→ **WHAT YOU WILL DO**
The expected output is the full set of entries, printed exactly, without pictures.

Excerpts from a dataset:

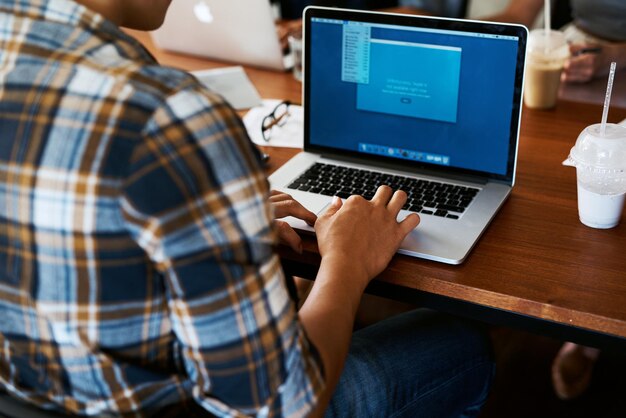 Hombre de oficina y espalda con información en la pantalla del portátil para la investigación y revisión del proyecto de TI del servidor Gente de la compañía y desarrollador con tecnología en la mesa para el plan de desarrollo de software y la actualización del sistema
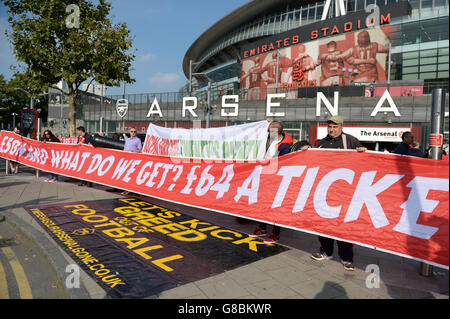 Arsenal and Manchester United fans protest outside the ground at the price of match day tickets before the Barclays Premier League match at the Emirates Stadium, London. Stock Photo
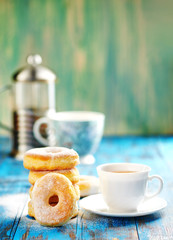 Homemade donuts with tea in the afternoon a wooden blue background.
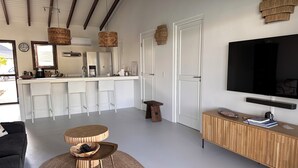 Una sala de estar moderna con un televisor grande, una consola de madera y una cocina con taburetes de bar.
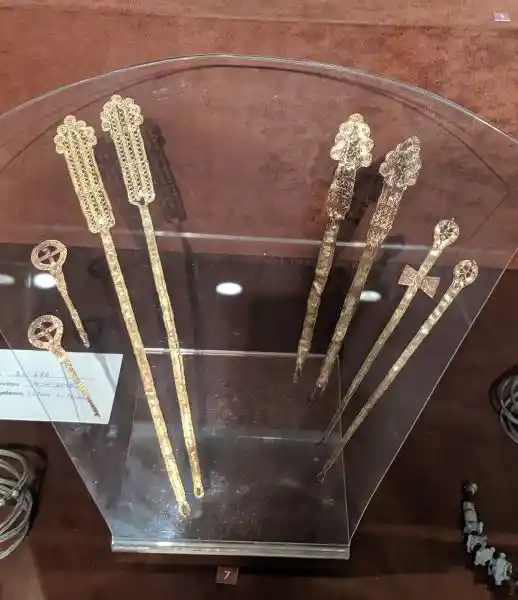 Collection of ornate gold and silver hair pins with decorative tops from ancient Macedonia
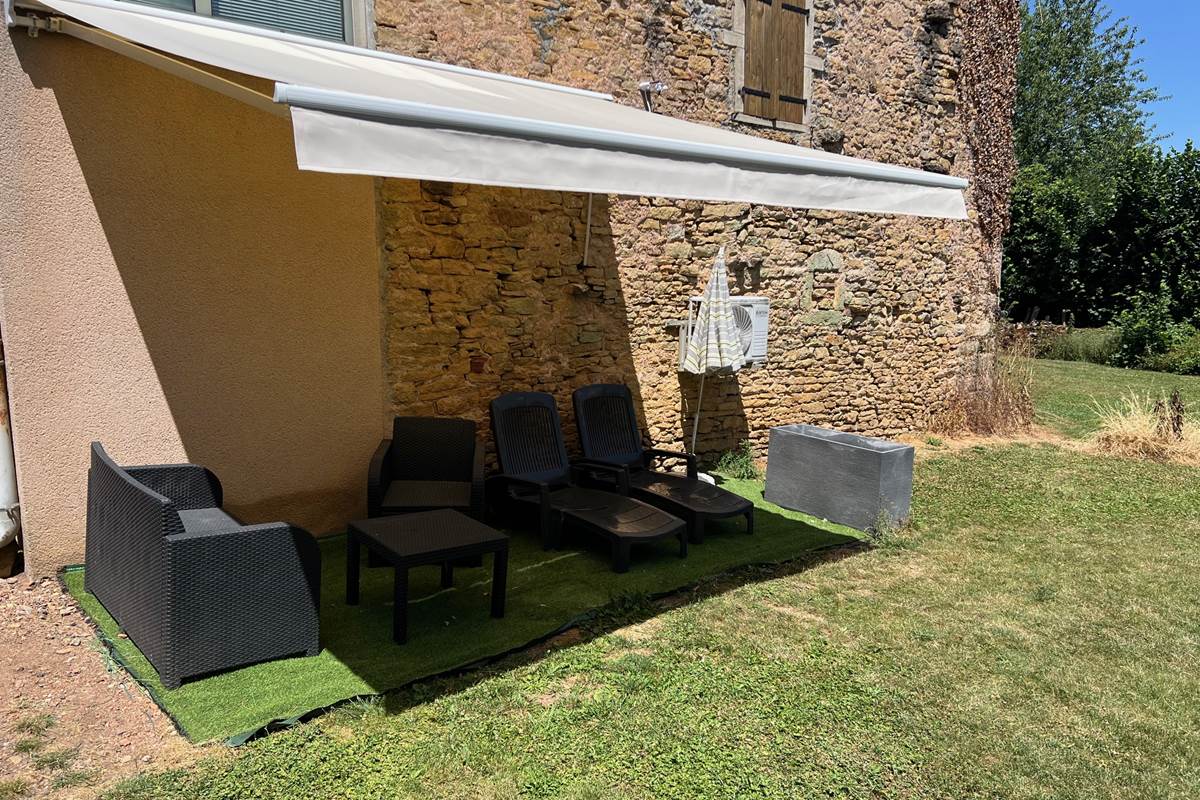 Espace détente et repas dans le jardin sous store banne motorisé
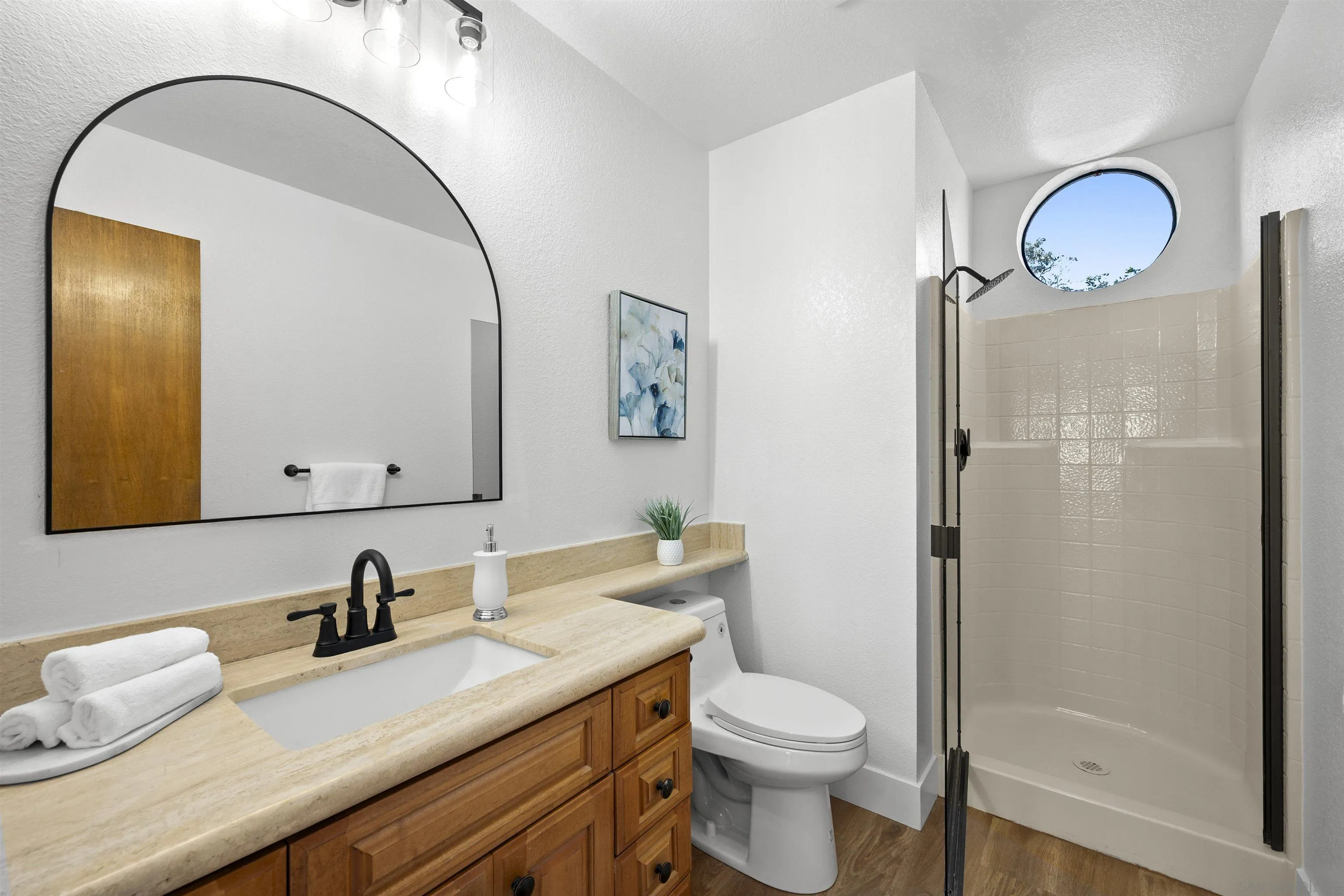2431 Wilbur Avenue San Diego, CA 92109 - Photo 26 of 56 a bathroom with a granite countertop sink toilet and shower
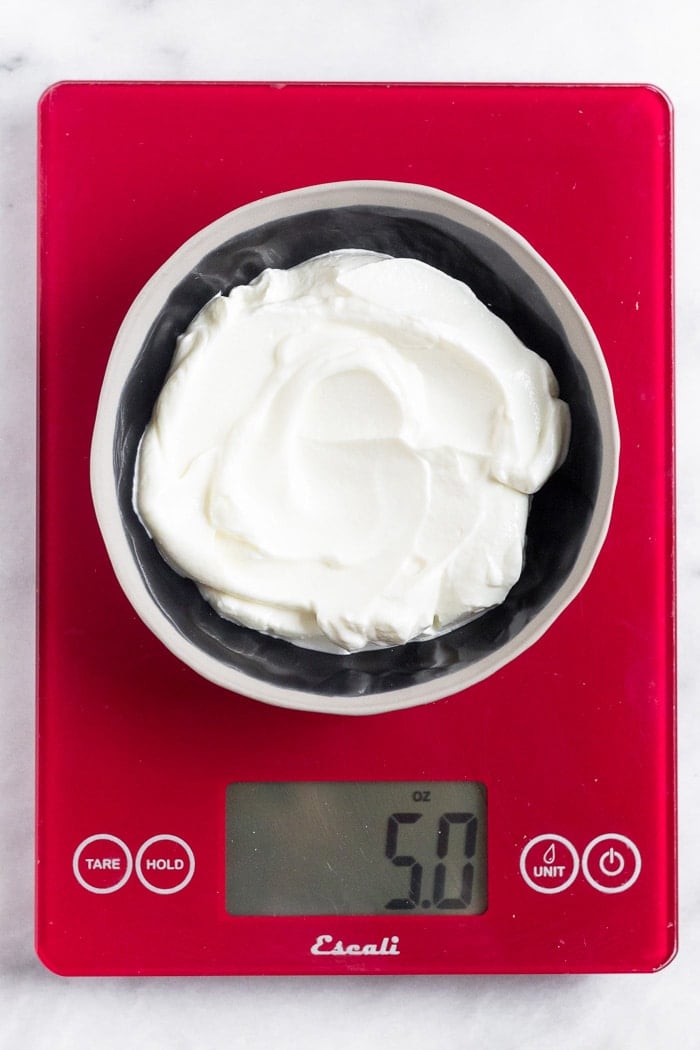 A bowl filled with yogurt on a food scale.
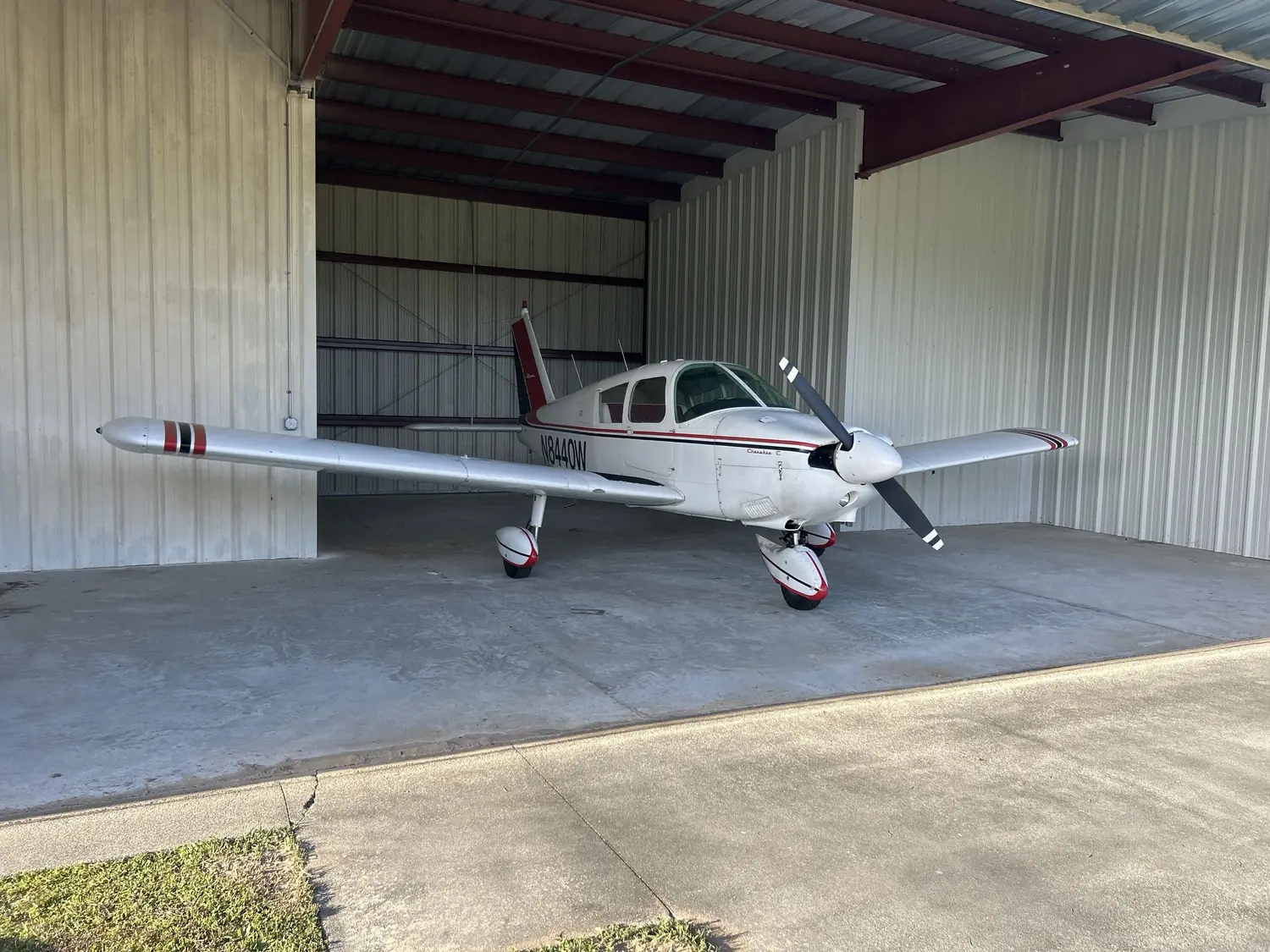Piper Cherokee C N8440W in its hangar at Roscoe Field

→ **ANSWER FOR THE TASK**
 Hombre de oficina y espalda con información en la pantalla del portátil para la investigación y revisión del proyecto de TI del servidor Gente de la compañía y desarrollador con tecnología en la mesa para el plan de desarrollo de software y la actualización del sistema
 Arsenal and Manchester United fans protest outside the ground at the price of match day tickets before the Barclays Premier League match at the Emirates Stadium, London. Stock Photo
 Homemade donuts with tea in the afternoon a wooden blue background.
 Una sala de estar moderna con un televisor grande, una consola de madera y una cocina con taburetes de bar.
 Collection of ornate gold and silver hair pins with decorative tops from ancient Macedonia
 Espace détente et repas dans le jardin sous store banne motorisé
2431 Wilbur Avenue San Diego, CA 92109 - Photo 26 of 56 a bathroom with a granite countertop sink toilet and shower
 A bowl filled with yogurt on a food scale.
Piper Cherokee C N8440W in its hangar at Roscoe Field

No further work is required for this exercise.